[[ Information open ]]

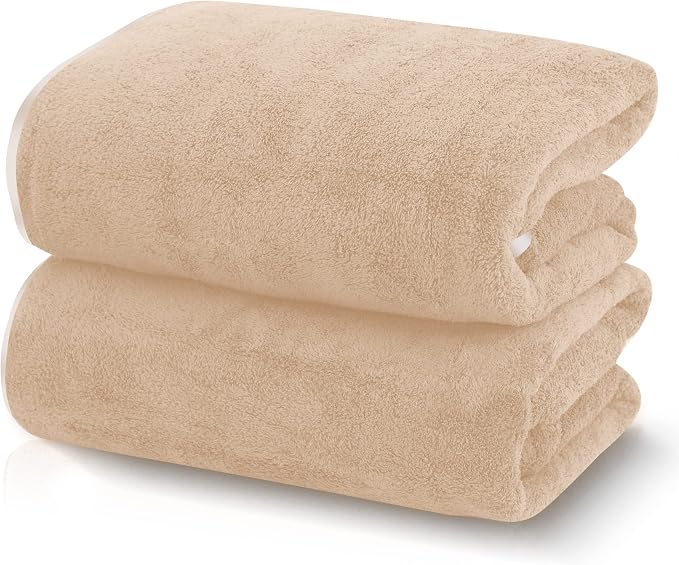TENSTARS Silk Hemming Bath Towels for Bathroom Clearance - 27 x 55 inches - Light Thin Quick Drying - Soft Microfiber Absorbent Towel for Bath Fitness, Sports, Yoga, Travel, Gym - 2 Pack, Brown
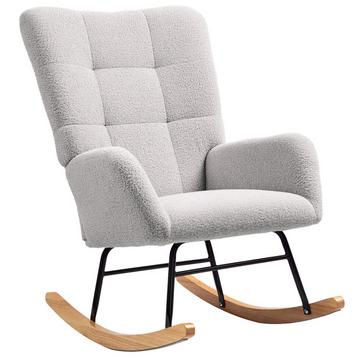 Chaise à bascule, chaise à bascule avec accoudoirs, aspect velours peluche, chaise de relaxation avec patins en bois, balançoire, chaise d'allaitement pour chambre à coucher, salon, gris clair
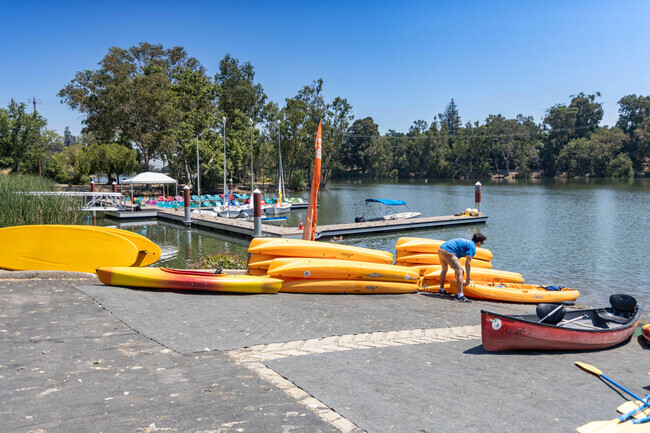 Push off in a kayak at the Vason County Lake Park in West Los Gatos.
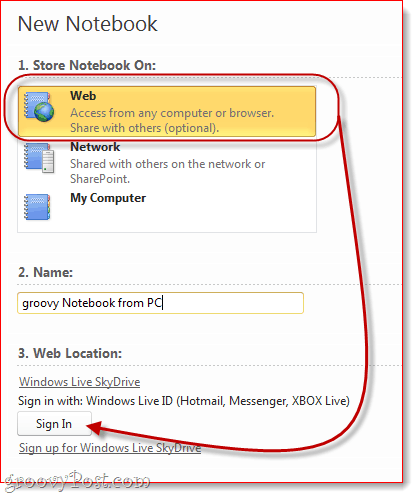 Synchronisieren Sie OneNote mit SKydrive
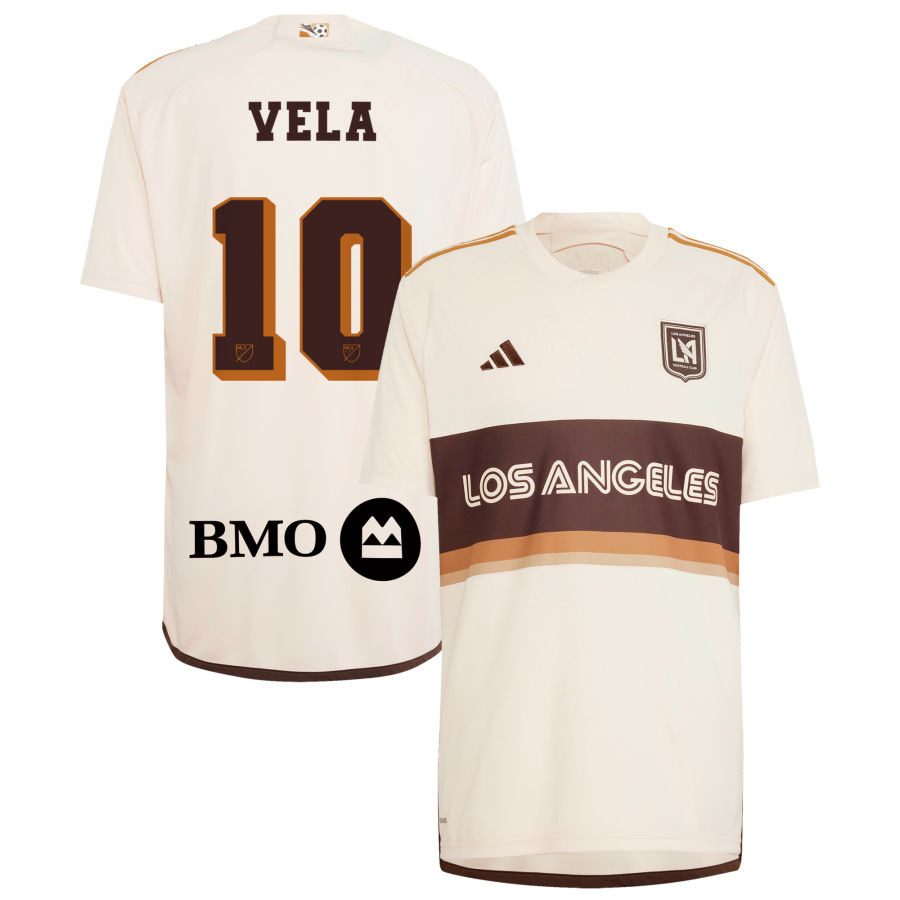 Adidas LAFC Carlos Vela Third Jersey 2024-2025 - Linen/Dark Brown - Authentic Soccer Jersey for Men - Perfect for Game Day & Fan Support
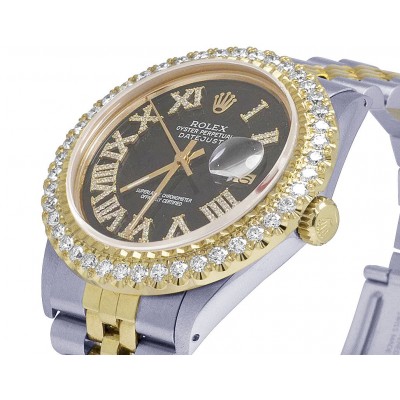 Rolex Datejust 36MM 18K/ Steel 16013 Black Dial Watch 3.5 Ct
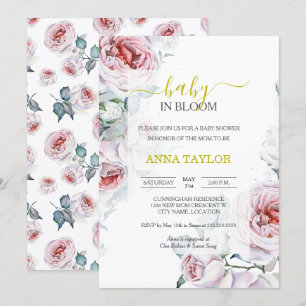 Baby in Bloom Elegante Blumenbaby-Dusche Einladung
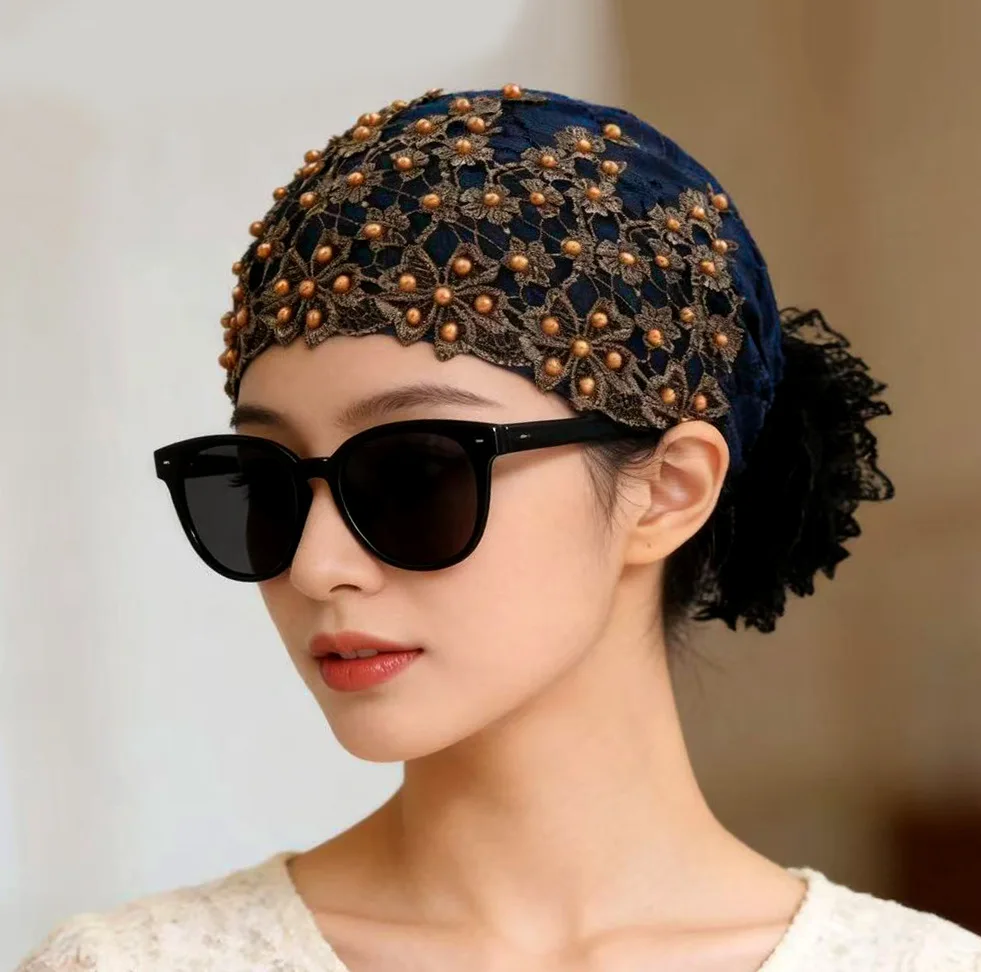 

Ethnic Style Beaded Lace Hollow Headscarf Hat - Elastic Breathable Fashion Headgear for Women Daily Wear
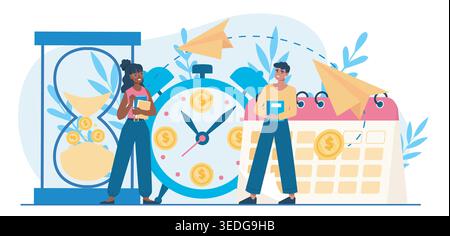 Time and money planning concept. Vector illustration Stock Vector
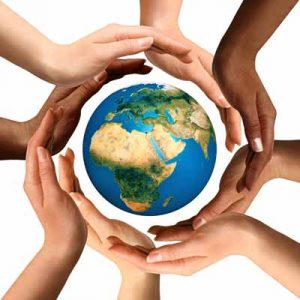 several pair of hands gently around the outside of planet earth, palms facing towards it to help heal it, while demonstrating more love, connection, and unity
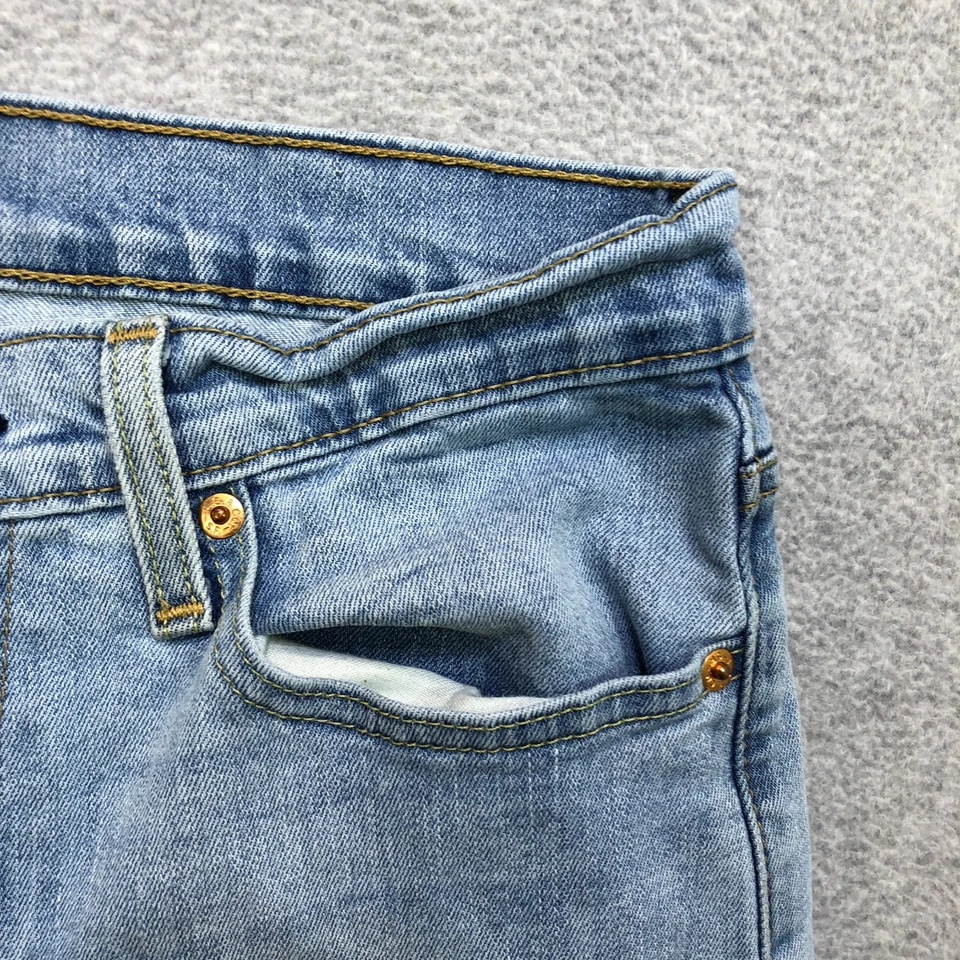 Jeans Levi's 513 Para Hombre 31x32 Azul Calce Ajustado Corte Recto Elástico Denim Lavado Ligero Foto 4 de 4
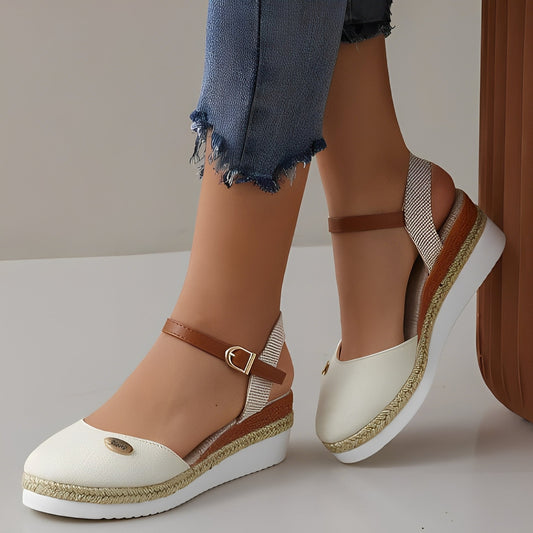 Elinor - Bequeme Keilabsatz-Hanfsandalen für Frauen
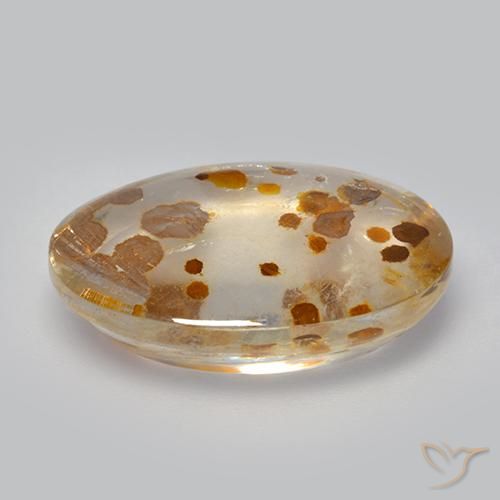 Cuarzo con marcasita Multicolor natural de 12.37 ct, Ovalada, Transparente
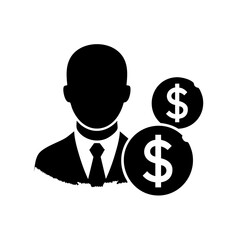 businessman with dollar sign vector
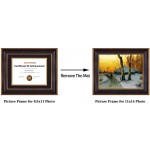 Space Art Deco 8.5X11 Diploma Frame with Black Over Gold Double Mat or Without Mat Display 11X14 Picture Frame Real Glass Wall Mountting1-Pack Black Ornate Gold Trim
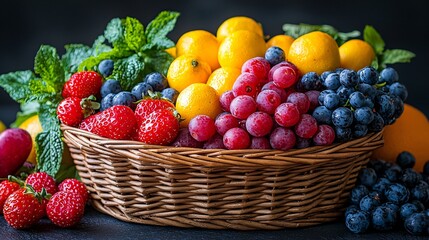 Fresh Fruit Display with Berries, Citrus Fruits, and Mint Leaves in a Woven Basket on Dark Background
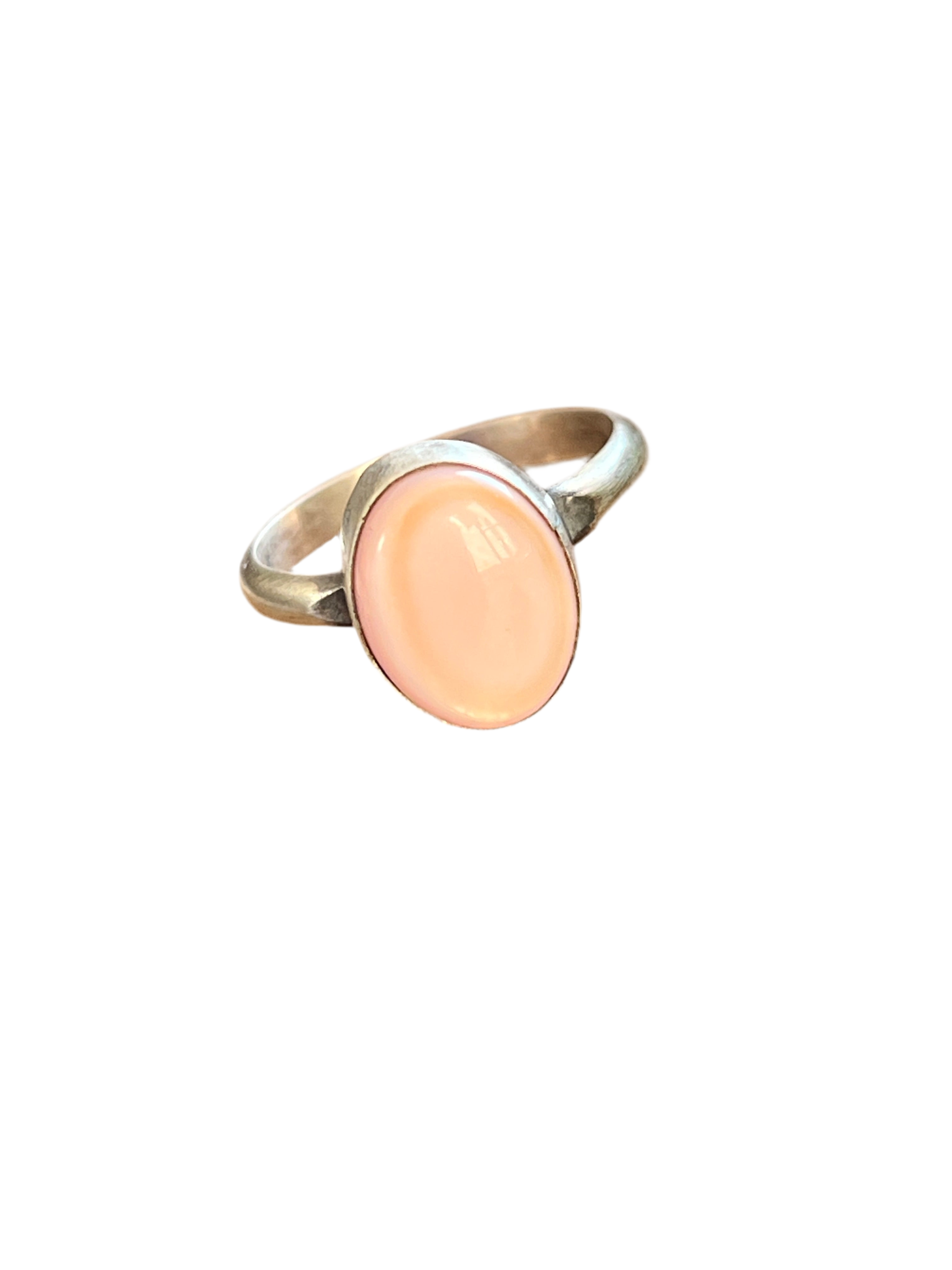 Handcrafted Sterling Silver and Oval Pink Conch Stacker Ring, Single Shank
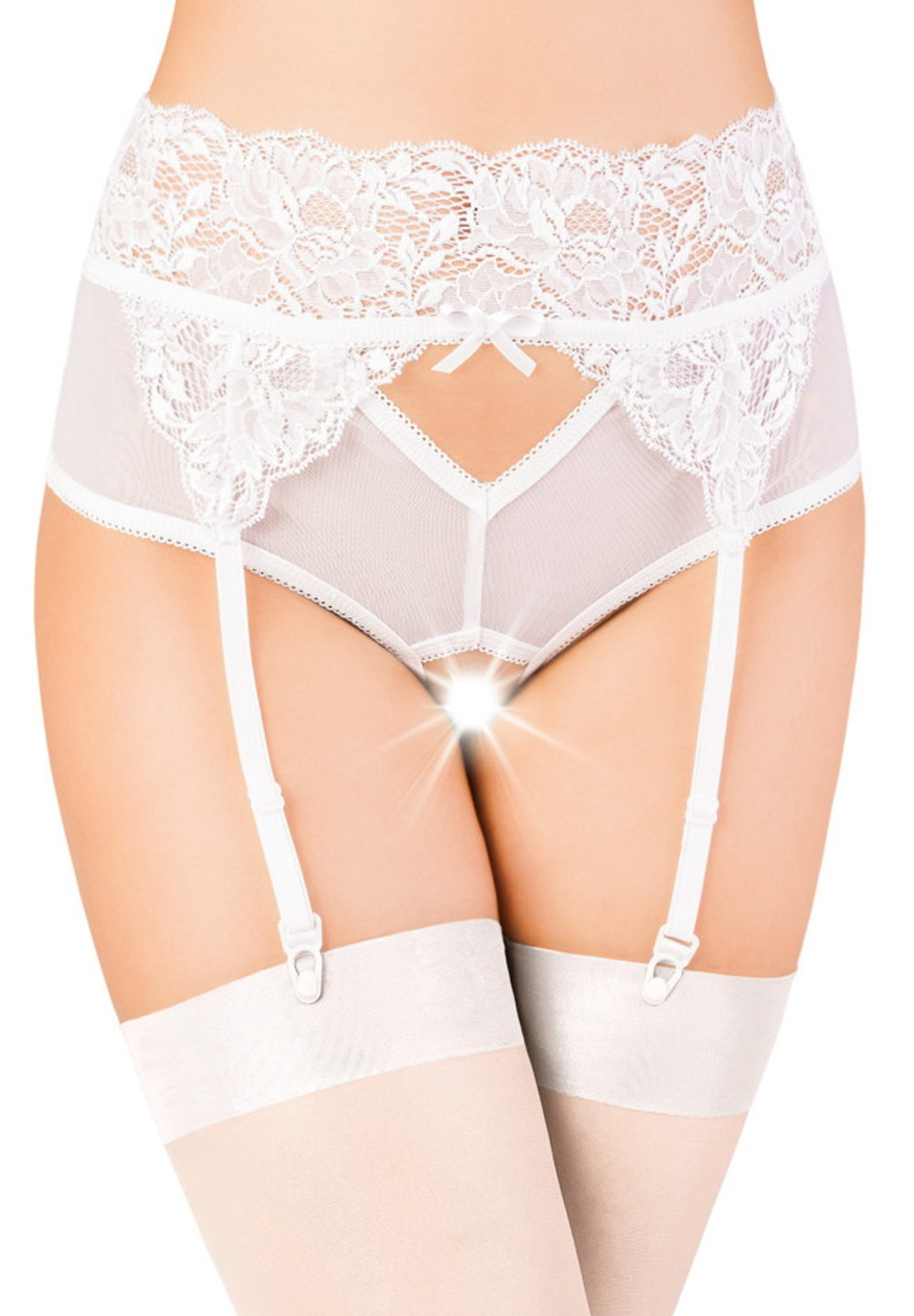 Эротические трусики-пояс Erolanta Lingerie Collection с высокой посадкой белые (46-48)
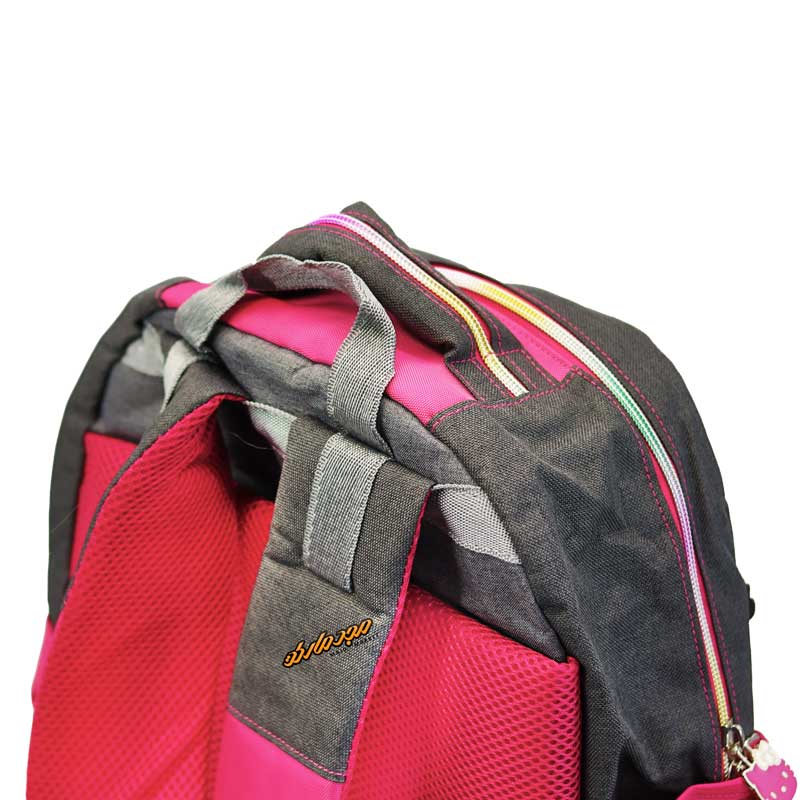 کوله پشتی مشکی صورتی طرح کیتی-3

[[ Information closed ]]

_Aim of the exercise:_ The whole listing, pictures excluded, should be output exactly.

_Answer to the problem:_
TENSTARS Silk Hemming Bath Towels for Bathroom Clearance - 27 x 55 inches - Light Thin Quick Drying - Soft Microfiber Absorbent Towel for Bath Fitness, Sports, Yoga, Travel, Gym - 2 Pack, Brown
 Chaise à bascule, chaise à bascule avec accoudoirs, aspect velours peluche, chaise de relaxation avec patins en bois, balançoire, chaise d'allaitement pour chambre à coucher, salon, gris clair
 Push off in a kayak at the Vason County Lake Park in West Los Gatos.
 Synchronisieren Sie OneNote mit SKydrive
 Adidas LAFC Carlos Vela Third Jersey 2024-2025 - Linen/Dark Brown - Authentic Soccer Jersey for Men - Perfect for Game Day & Fan Support
 Rolex Datejust 36MM 18K/ Steel 16013 Black Dial Watch 3.5 Ct
 Baby in Bloom Elegante Blumenbaby-Dusche Einladung

Ethnic Style Beaded Lace Hollow Headscarf Hat - Elastic Breathable Fashion Headgear for Women Daily Wear
 Time and money planning concept. Vector illustration Stock Vector
 several pair of hands gently around the outside of planet earth, palms facing towards it to help heal it, while demonstrating more love, connection, and unity
 Jeans Levi's 513 Para Hombre 31x32 Azul Calce Ajustado Corte Recto Elástico Denim Lavado Ligero Foto 4 de 4
 Elinor - Bequeme Keilabsatz-Hanfsandalen für Frauen
 Cuarzo con marcasita Multicolor natural de 12.37 ct, Ovalada, Transparente
 businessman with dollar sign vector
 Space Art Deco 8.5X11 Diploma Frame with Black Over Gold Double Mat or Without Mat Display 11X14 Picture Frame Real Glass Wall Mountting1-Pack Black Ornate Gold Trim
 Fresh Fruit Display with Berries, Citrus Fruits, and Mint Leaves in a Woven Basket on Dark Background
 Handcrafted Sterling Silver and Oval Pink Conch Stacker Ring, Single Shank
 Эротические трусики-пояс Erolanta Lingerie Collection с высокой посадкой белые (46-48)
 کوله پشتی مشکی صورتی طرح کیتی-3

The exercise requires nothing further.